In this week’s What’s Selling Where, we are bringing you some great watches coming up for sale at Antiquorum on March 15th in Geneva (full catalog here and virtual catalog here) as well as tons of other great watches available on eBay and through dealers.
As a general reminder for our American readers (and everyone else, too), buying a watch outside of your country can be complex. There are restrictions on the import of Rolex watches and importing watches with exotic straps, such as alligator and crocodile, can also raise flags with government customs agencies. That is why so many fly to collect watches in person. Just do your homework and be careful.
Patek Philippe reference 2526 (Lot 141)
We have spoken a lot about the 2526 on this site, but this is a very early one with what appears to be a very sharp case. It is just a stunning watch and the enamel dial looks great in the photo, although in-person inspection is best with these. This 2526 has an estimate of $22,000 to $32,000.
F.P.Journe Chronomètre à Résonance (Lot 279)
Although the Chronomètre à Résonance is always cool, this is made even more interesting with its special hand-engraved dial, called “Regence,” made in a series of five watches for the retailer Les Ambassadeurs.

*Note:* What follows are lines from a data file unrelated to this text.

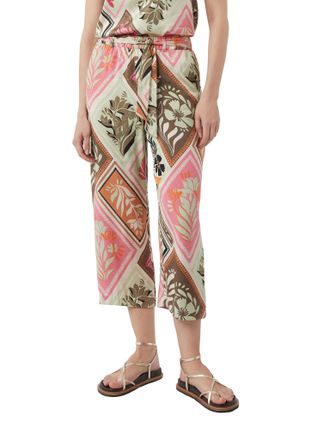 Comma 7/8-Hose COMMA, Damen, Gr. 34, N-Gr, pink (pink, beige), Web, Obermaterial: 100% Viskose, bedruckt, 7/8-L&auml;nge, Hosen 7/8-Hose, mit floralem Muster
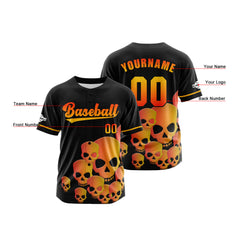 Benutzerdefiniert Schwarz Orange Baseball Uniformen Drucken für Jungs Mädchen und Kinder Machen Ihr Team Mehr Vielfältig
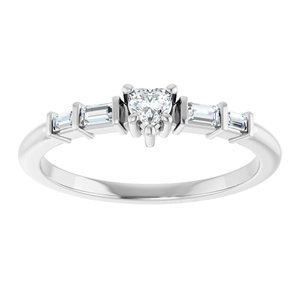 14K White Gold 3x3 mm Heart Ring Mounting – image 5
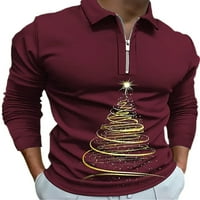 Paille muškarci Xmas Polo majica prednji zip bluza rever vrat Božićni vrhovi Slim fit dugih rukava za
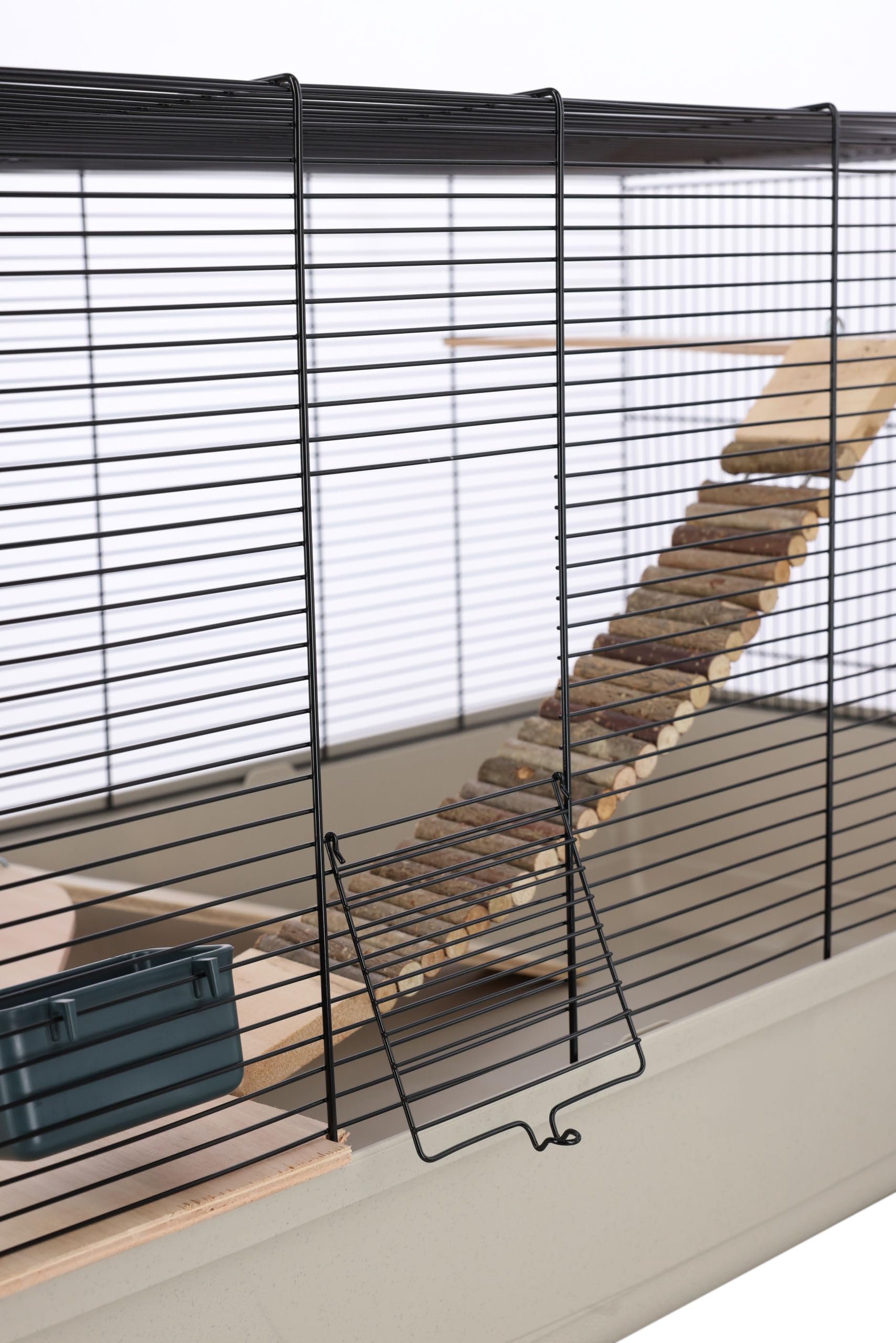Kerbl Pet Jaula para roedores Gabbia Hamster 102, beige, 100x53x55cm, de plástico y malla metálica, para hámsteres, cobayas y ratones, con caseta de madera y comederos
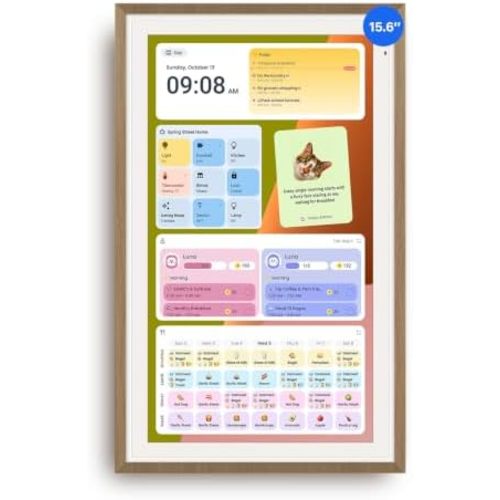 Apolosign 15.6-inch Digital Calendar, No-Subscription, Smart Wall Planner with Calendar Sync, Chore Chart, Meal, Apps & Dashboard, Electronic Display for Schedules, Dual Mode, with Stand (Teak)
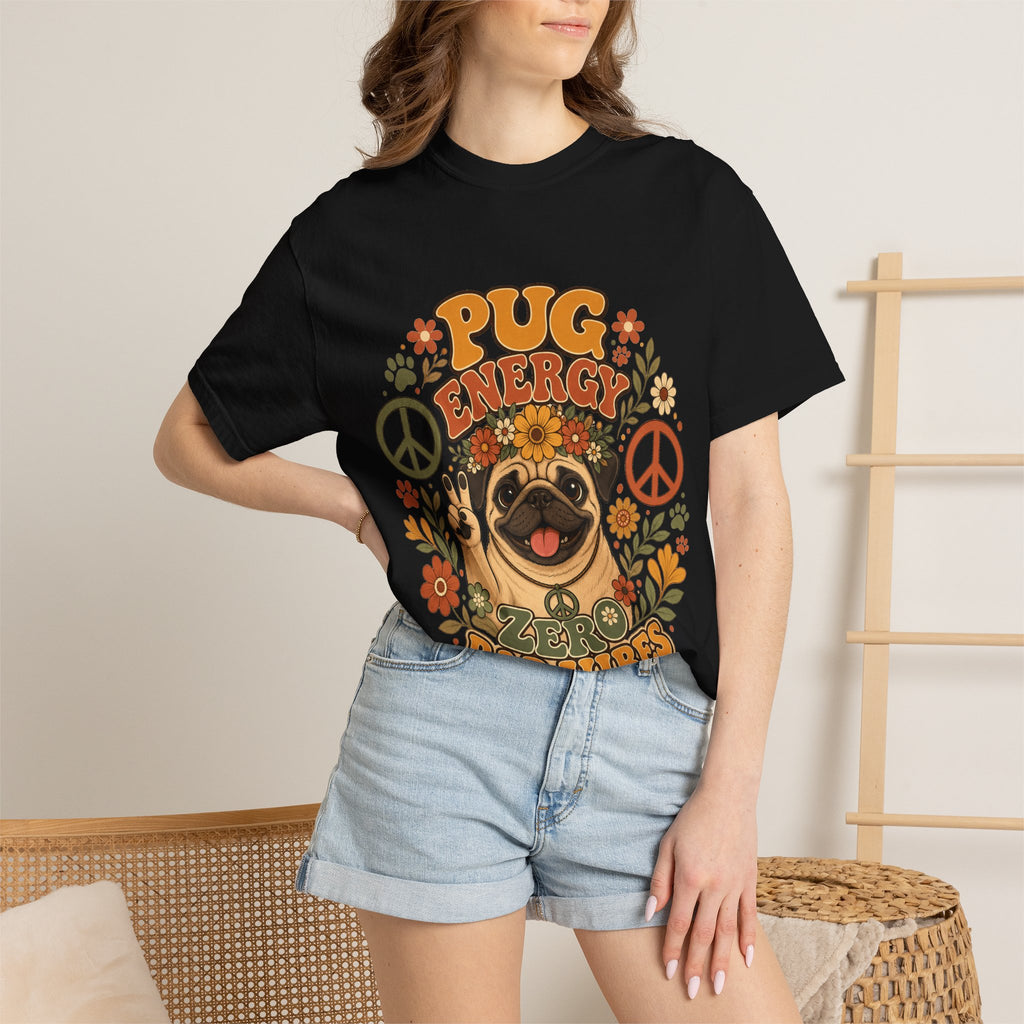 Pug Energy Retro Tee — Peace, Paws & Good Vibes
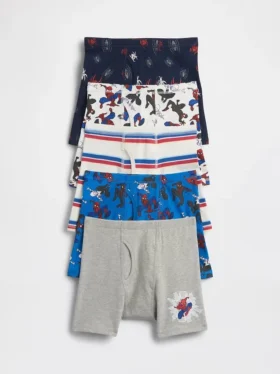 Boxers de algodón orgánico elástico para niños con Spider-Man (paquete de 5)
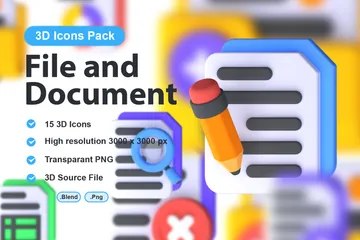 Arquivo e documento Pacote de Icon 3D
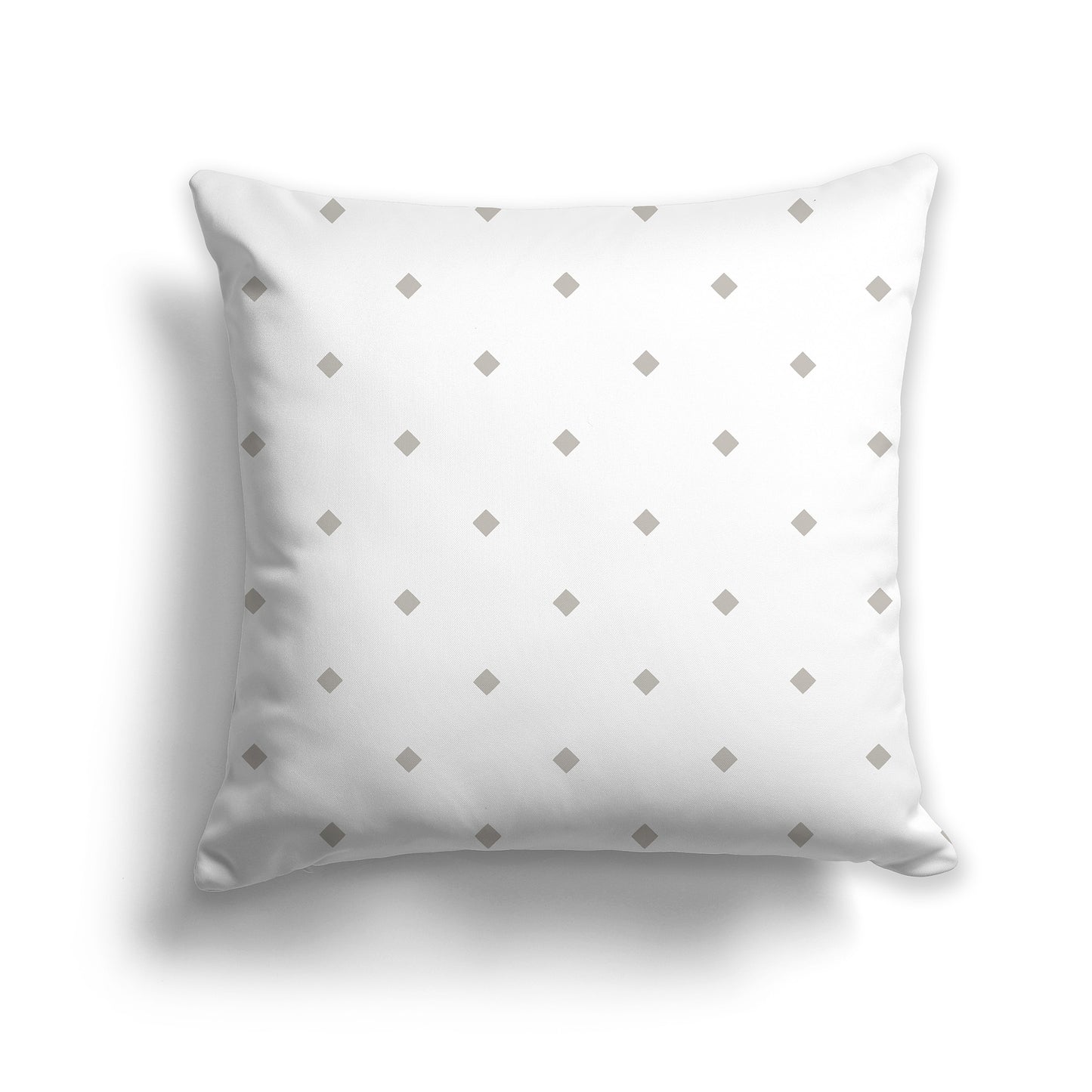 14 inch White Throw Pillow with Large Taupe Diamond Pattern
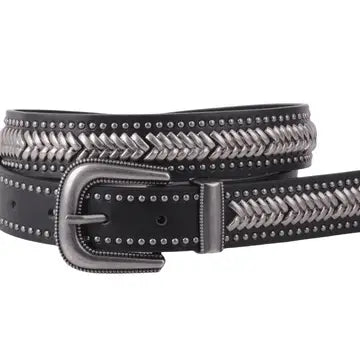 CHEVRON STUD-LINED LEATHER BELT in Black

This is the first time one of these five has come up for auction. This Résonance has an estimate of $38,000 to $59,000.
Heuer reference 2913 (Lot 173)
At first look, this Heuer looks a bit funny, as the ring around the numerals appears to be darker on the lower half. But looking again, it may just be the reflection of the camera. This Heuer dates to the early 1950s and is the same case as the highly-desirable Abercrombie & Fitch Seafarer reference 2443 made by Heuer. I measure this case at 38 mm (Antiquorum says 37 mm) and it wears big with a 20 mm width for a strap. It is rare to find a vintage pre-1960s Heuer in this size and I think it is a killer watch even with the patina on the dial. If you are interested, I would request photos of the movement and crown. To me, it looks unpolished and the alligator or crocodile strap looks quite old – perhaps it is even original to the watch. This Heuer has an estimate of $1,100 to $2,100.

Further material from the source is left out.